** Information shown follows **

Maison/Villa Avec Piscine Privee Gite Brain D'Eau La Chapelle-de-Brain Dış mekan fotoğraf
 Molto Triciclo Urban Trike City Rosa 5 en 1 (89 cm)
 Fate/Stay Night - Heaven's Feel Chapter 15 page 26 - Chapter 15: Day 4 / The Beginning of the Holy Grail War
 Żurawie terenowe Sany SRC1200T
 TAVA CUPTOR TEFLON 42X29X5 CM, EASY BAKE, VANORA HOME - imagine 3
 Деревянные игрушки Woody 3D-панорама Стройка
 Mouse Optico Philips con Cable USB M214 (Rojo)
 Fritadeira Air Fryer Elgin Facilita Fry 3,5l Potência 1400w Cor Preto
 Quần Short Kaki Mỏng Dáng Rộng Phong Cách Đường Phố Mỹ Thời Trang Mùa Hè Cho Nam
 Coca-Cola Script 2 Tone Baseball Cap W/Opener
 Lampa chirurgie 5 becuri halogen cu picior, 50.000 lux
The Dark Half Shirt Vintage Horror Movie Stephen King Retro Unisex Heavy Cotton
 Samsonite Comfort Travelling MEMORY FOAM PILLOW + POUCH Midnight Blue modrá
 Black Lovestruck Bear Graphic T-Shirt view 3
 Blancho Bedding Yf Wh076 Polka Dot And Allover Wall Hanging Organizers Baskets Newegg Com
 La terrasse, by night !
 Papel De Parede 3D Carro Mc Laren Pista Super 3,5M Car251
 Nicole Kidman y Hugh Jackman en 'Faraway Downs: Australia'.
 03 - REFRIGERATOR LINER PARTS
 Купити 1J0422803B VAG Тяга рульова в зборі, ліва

** End of Information shown **

Exercise goal: Your task is to return the full listing exactly as it was given.

Result of the exercise:
Maison/Villa Avec Piscine Privee Gite Brain D'Eau La Chapelle-de-Brain Dış mekan fotoğraf
 Molto Triciclo Urban Trike City Rosa 5 en 1 (89 cm)
 Fate/Stay Night - Heaven's Feel Chapter 15 page 26 - Chapter 15: Day 4 / The Beginning of the Holy Grail War
 Żurawie terenowe Sany SRC1200T
 TAVA CUPTOR TEFLON 42X29X5 CM, EASY BAKE, VANORA HOME - imagine 3
 Деревянные игрушки Woody 3D-панорама Стройка
 Mouse Optico Philips con Cable USB M214 (Rojo)
 Fritadeira Air Fryer Elgin Facilita Fry 3,5l Potência 1400w Cor Preto
 Quần Short Kaki Mỏng Dáng Rộng Phong Cách Đường Phố Mỹ Thời Trang Mùa Hè Cho Nam
 Coca-Cola Script 2 Tone Baseball Cap W/Opener
 Lampa chirurgie 5 becuri halogen cu picior, 50.000 lux
The Dark Half Shirt Vintage Horror Movie Stephen King Retro Unisex Heavy Cotton
 Samsonite Comfort Travelling MEMORY FOAM PILLOW + POUCH Midnight Blue modrá
 Black Lovestruck Bear Graphic T-Shirt view 3
 Blancho Bedding Yf Wh076 Polka Dot And Allover Wall Hanging Organizers Baskets Newegg Com
 La terrasse, by night !
 Papel De Parede 3D Carro Mc Laren Pista Super 3,5M Car251
 Nicole Kidman y Hugh Jackman en 'Faraway Downs: Australia'.
 03 - REFRIGERATOR LINER PARTS
 Купити 1J0422803B VAG Тяга рульова в зборі, ліва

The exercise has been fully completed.